■ WORK INSTRUCTIONS
The line containing "Prop-GPT: House: VIC", plus every line that follows it to the end of the listing below, is what you transcribe exactly; omit all pictures.

■ DATASET EXCERPT
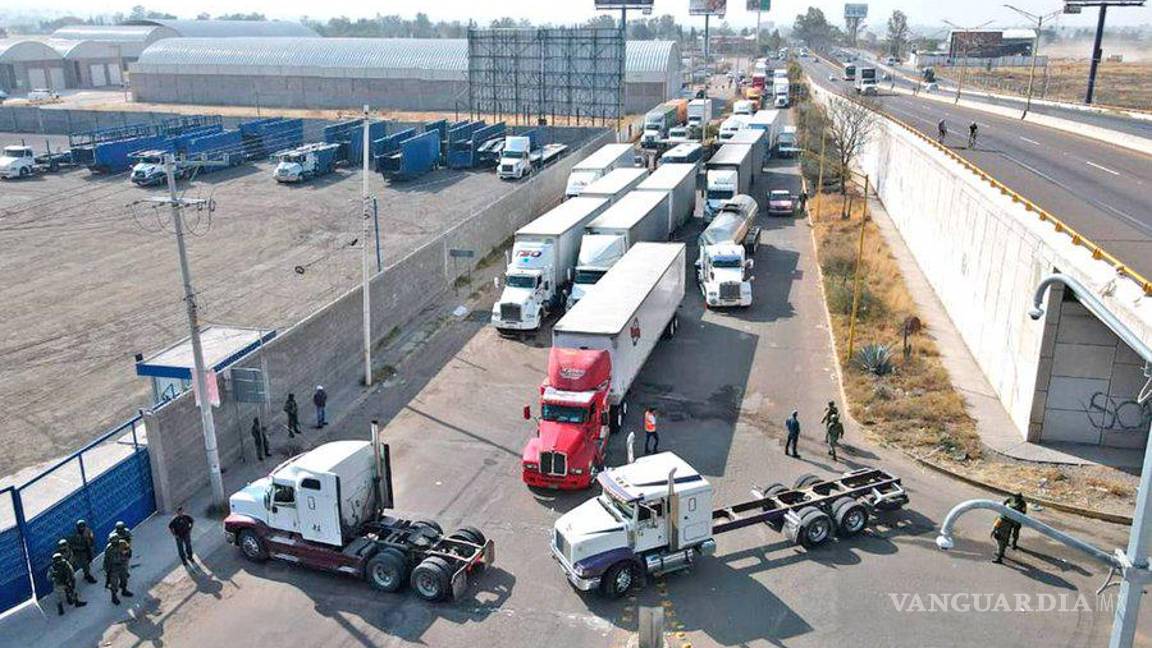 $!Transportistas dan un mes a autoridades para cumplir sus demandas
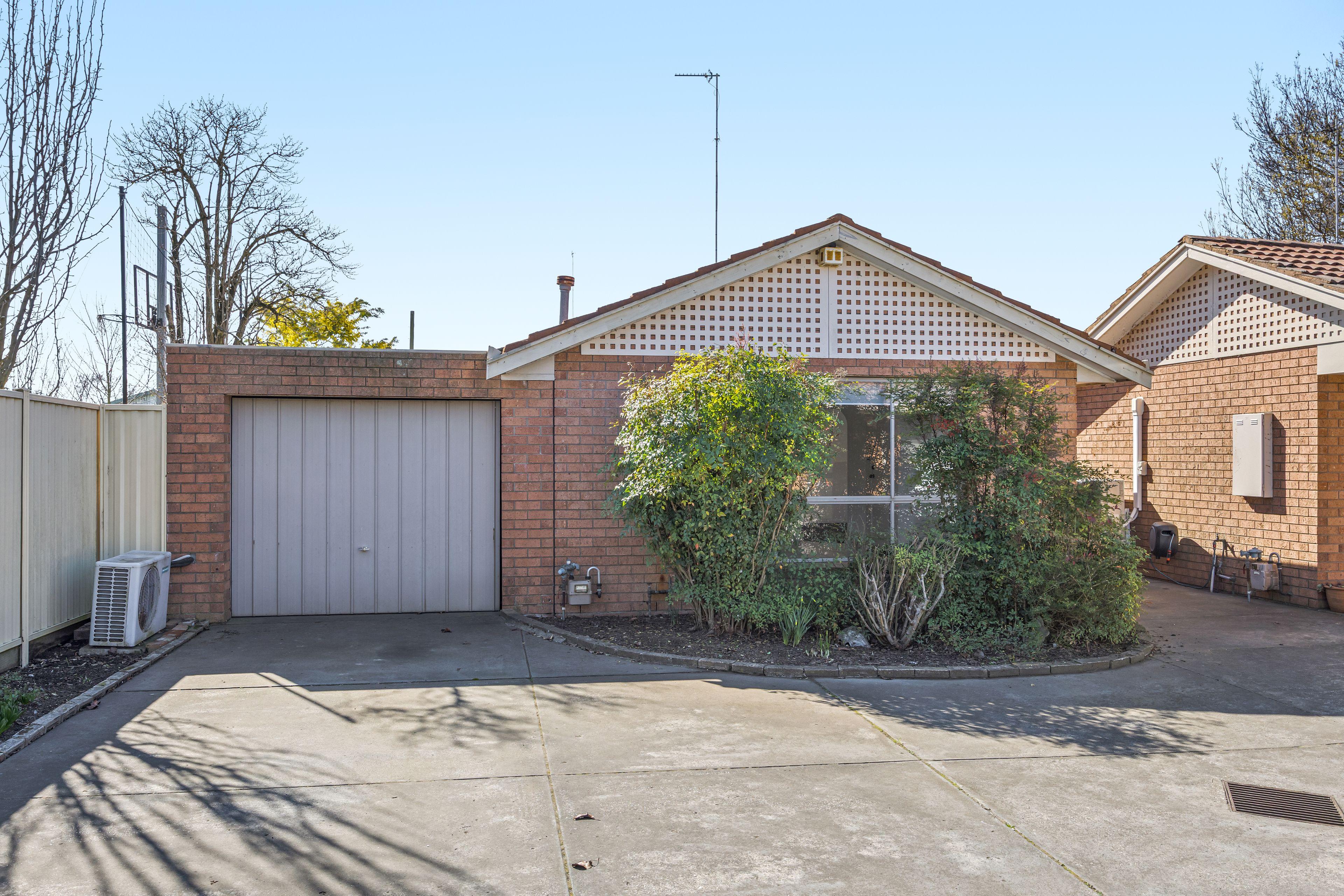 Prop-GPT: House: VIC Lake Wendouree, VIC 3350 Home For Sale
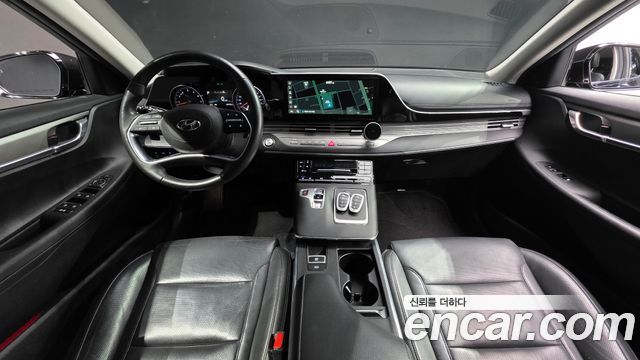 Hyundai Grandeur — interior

■ WRITTEN SOLUTION
 Prop-GPT: House: VIC Lake Wendouree, VIC 3350 Home For Sale
 Hyundai Grandeur — interior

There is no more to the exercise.